(Beginning of DATASET CONTENT)

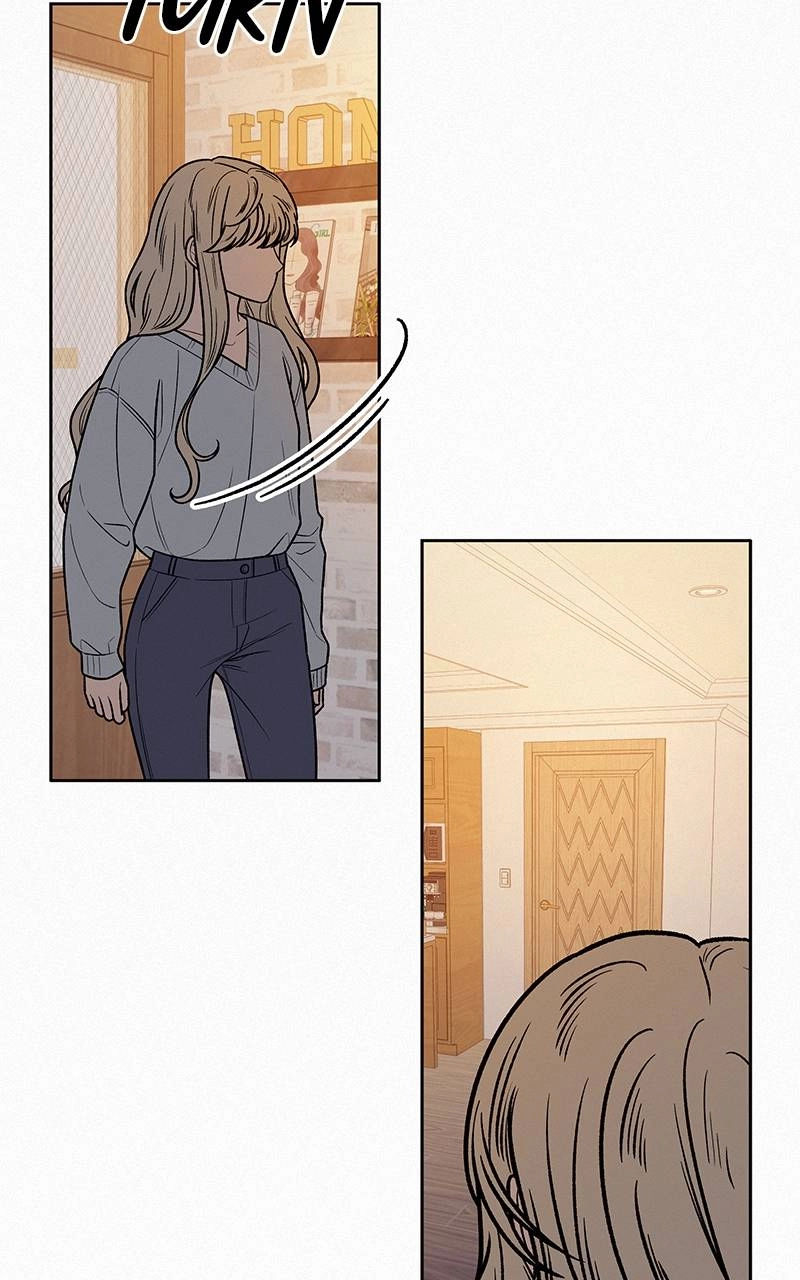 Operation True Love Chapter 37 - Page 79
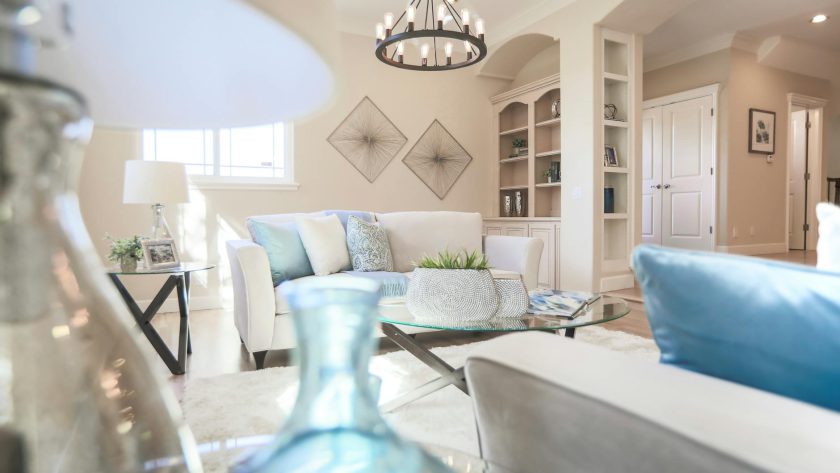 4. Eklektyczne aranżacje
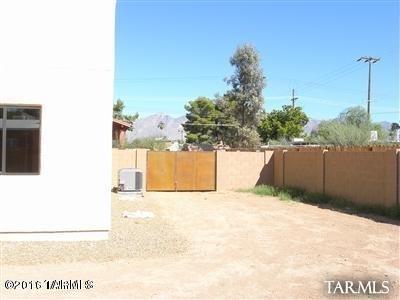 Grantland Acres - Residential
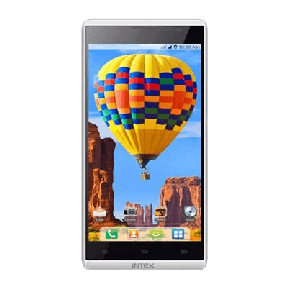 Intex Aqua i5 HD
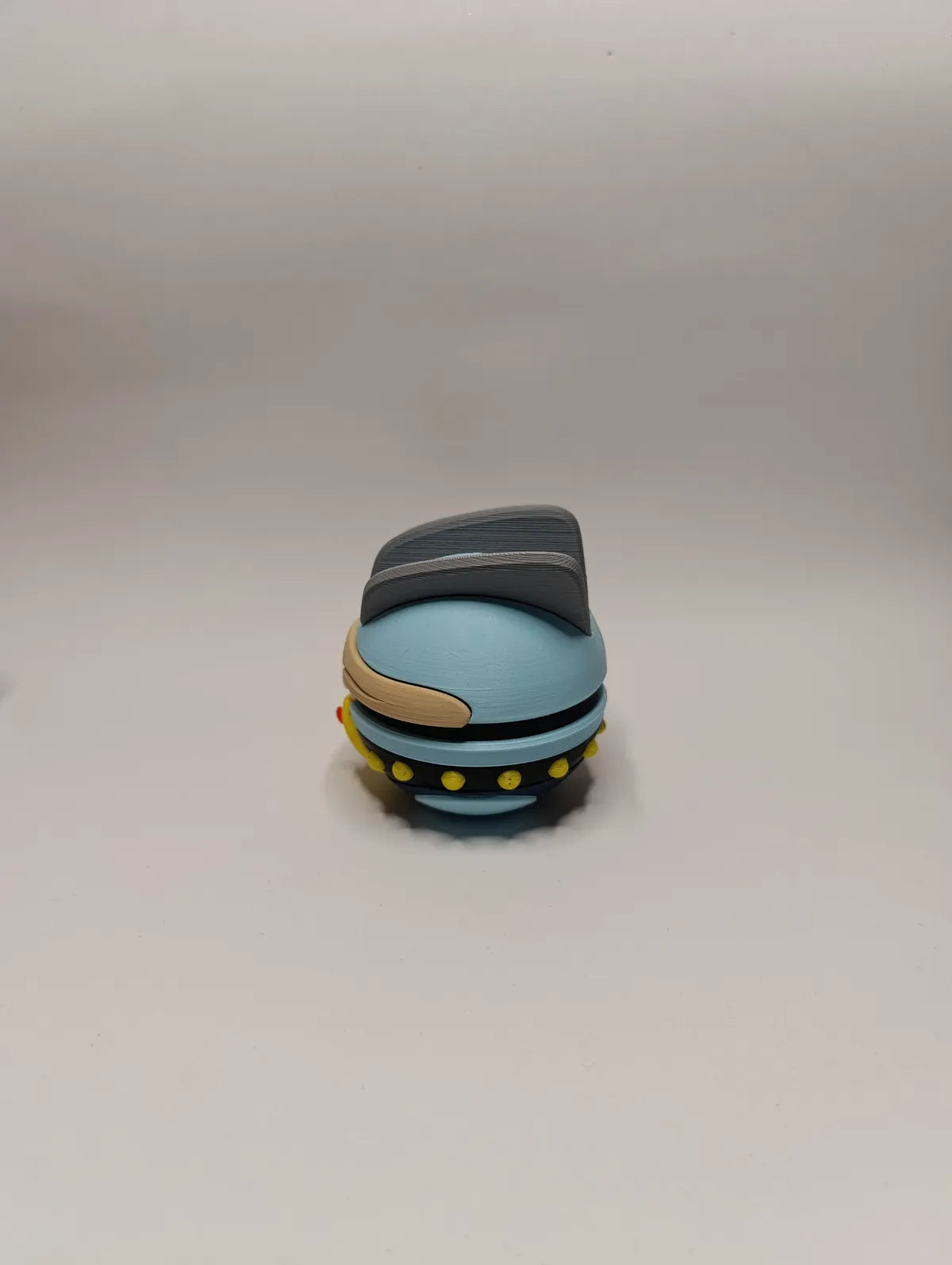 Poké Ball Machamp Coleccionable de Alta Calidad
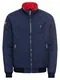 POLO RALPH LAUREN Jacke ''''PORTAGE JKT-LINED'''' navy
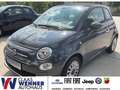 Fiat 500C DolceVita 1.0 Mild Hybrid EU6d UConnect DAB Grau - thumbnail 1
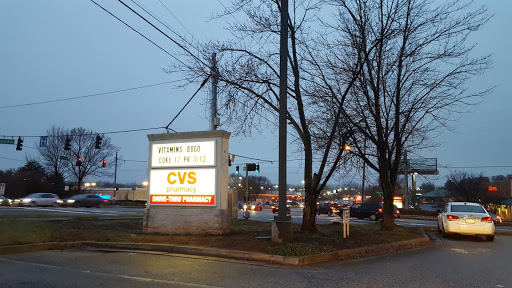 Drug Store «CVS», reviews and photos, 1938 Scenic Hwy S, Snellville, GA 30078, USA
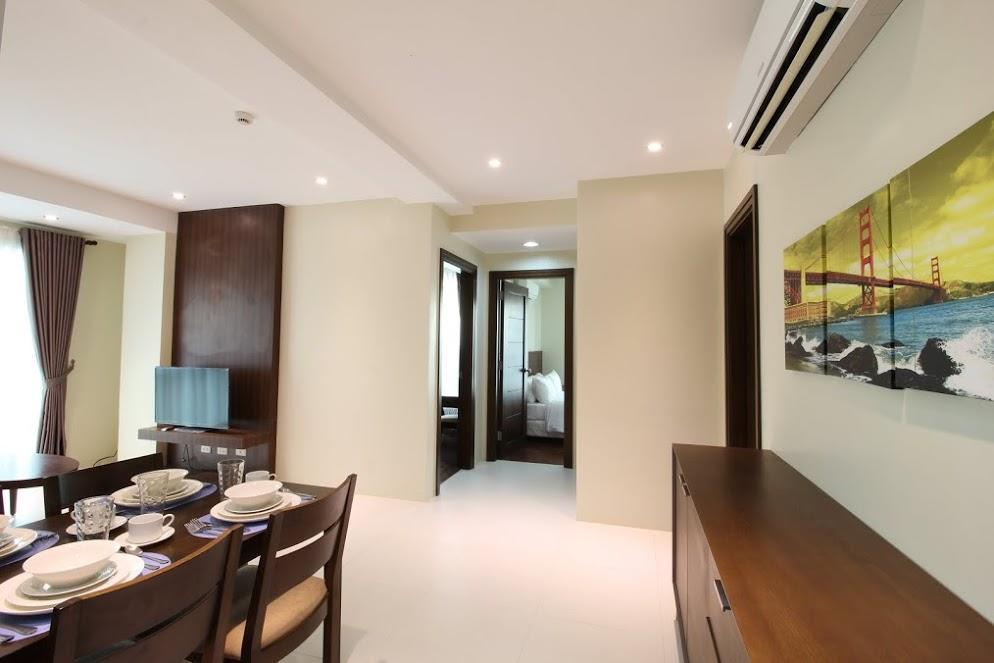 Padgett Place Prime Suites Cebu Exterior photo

(End of DATASET CONTENT)
(Beginning of DATASET CONTENT)

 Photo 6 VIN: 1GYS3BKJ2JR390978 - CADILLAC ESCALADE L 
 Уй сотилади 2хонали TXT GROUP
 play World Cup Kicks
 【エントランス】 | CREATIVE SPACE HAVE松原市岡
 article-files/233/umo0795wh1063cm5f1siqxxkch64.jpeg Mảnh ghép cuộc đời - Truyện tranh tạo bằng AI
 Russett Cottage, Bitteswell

(End of DATASET CONTENT)
(Beginning of DATASET CONTENT)

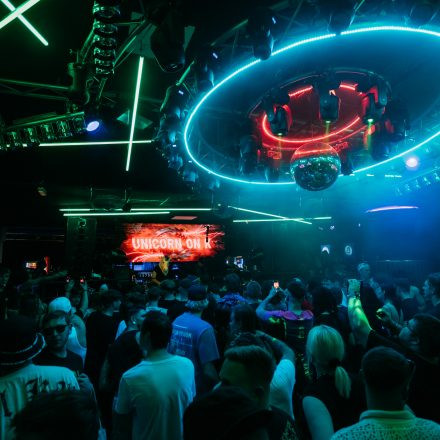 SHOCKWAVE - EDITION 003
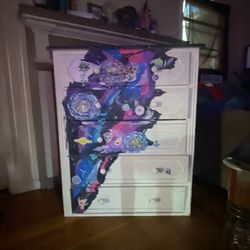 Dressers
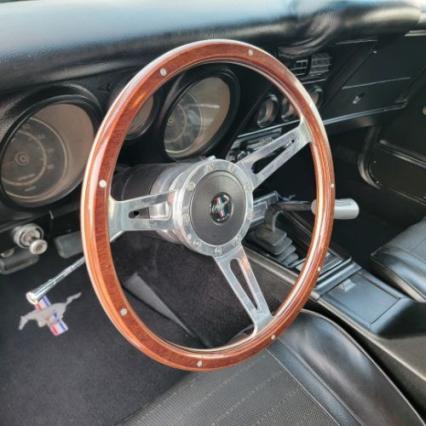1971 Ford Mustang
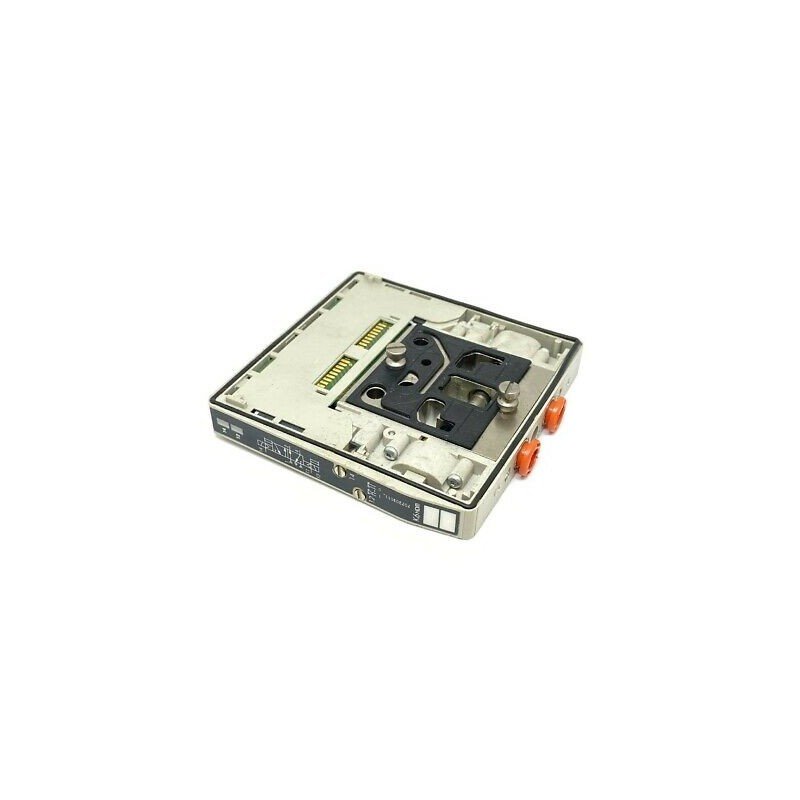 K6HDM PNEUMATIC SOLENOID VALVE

(End of DATASET CONTENT)

● EXERCISE: Write out exactly the lines above between the one with "Operation True Love Chapter 37 - Page 79" and the one with "GA 30078, USA", inclusive, with pictures left out.

● ANSWER FOR THIS EXERCISE:
 Operation True Love Chapter 37 - Page 79
 4. Eklektyczne aranżacje
 Grantland Acres - Residential
 Intex Aqua i5 HD
 Poké Ball Machamp Coleccionable de Alta Calidad
 POLO RALPH LAUREN Jacke ''''PORTAGE JKT-LINED'''' navy
 Fiat 500C DolceVita 1.0 Mild Hybrid EU6d UConnect DAB Grau - thumbnail 1
 Drug Store «CVS», reviews and photos, 1938 Scenic Hwy S, Snellville, GA 30078, USA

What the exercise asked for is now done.